BRIEF: What lines in the records below hold the string "White"? Please show them.

INPUT DATA:
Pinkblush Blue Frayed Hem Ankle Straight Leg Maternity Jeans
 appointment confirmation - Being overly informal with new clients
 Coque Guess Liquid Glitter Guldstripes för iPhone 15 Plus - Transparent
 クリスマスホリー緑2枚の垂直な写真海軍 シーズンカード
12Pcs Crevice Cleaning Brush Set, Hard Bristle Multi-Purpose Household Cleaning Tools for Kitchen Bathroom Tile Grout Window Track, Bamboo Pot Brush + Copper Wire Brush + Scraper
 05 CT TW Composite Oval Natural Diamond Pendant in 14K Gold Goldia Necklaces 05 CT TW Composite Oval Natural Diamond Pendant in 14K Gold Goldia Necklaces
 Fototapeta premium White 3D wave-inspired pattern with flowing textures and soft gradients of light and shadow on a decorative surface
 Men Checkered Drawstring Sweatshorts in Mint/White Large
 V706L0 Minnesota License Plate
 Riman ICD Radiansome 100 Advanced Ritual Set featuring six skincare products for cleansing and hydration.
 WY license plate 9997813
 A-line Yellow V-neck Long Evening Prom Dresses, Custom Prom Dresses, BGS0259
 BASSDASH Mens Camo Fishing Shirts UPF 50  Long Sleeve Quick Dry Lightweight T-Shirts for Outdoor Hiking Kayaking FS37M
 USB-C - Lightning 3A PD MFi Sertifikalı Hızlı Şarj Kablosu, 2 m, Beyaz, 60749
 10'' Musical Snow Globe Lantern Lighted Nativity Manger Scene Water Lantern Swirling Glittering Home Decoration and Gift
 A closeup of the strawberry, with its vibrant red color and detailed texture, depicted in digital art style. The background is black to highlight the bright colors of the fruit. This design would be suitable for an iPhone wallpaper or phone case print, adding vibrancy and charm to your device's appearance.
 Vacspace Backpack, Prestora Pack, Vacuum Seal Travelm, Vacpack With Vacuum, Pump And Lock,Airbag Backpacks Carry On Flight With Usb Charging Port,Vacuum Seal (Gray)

PROBLEM SOLUTION:
 Fototapeta premium White 3D wave-inspired pattern with flowing textures and soft gradients of light and shadow on a decorative surface
 Men Checkered Drawstring Sweatshorts in Mint/White Large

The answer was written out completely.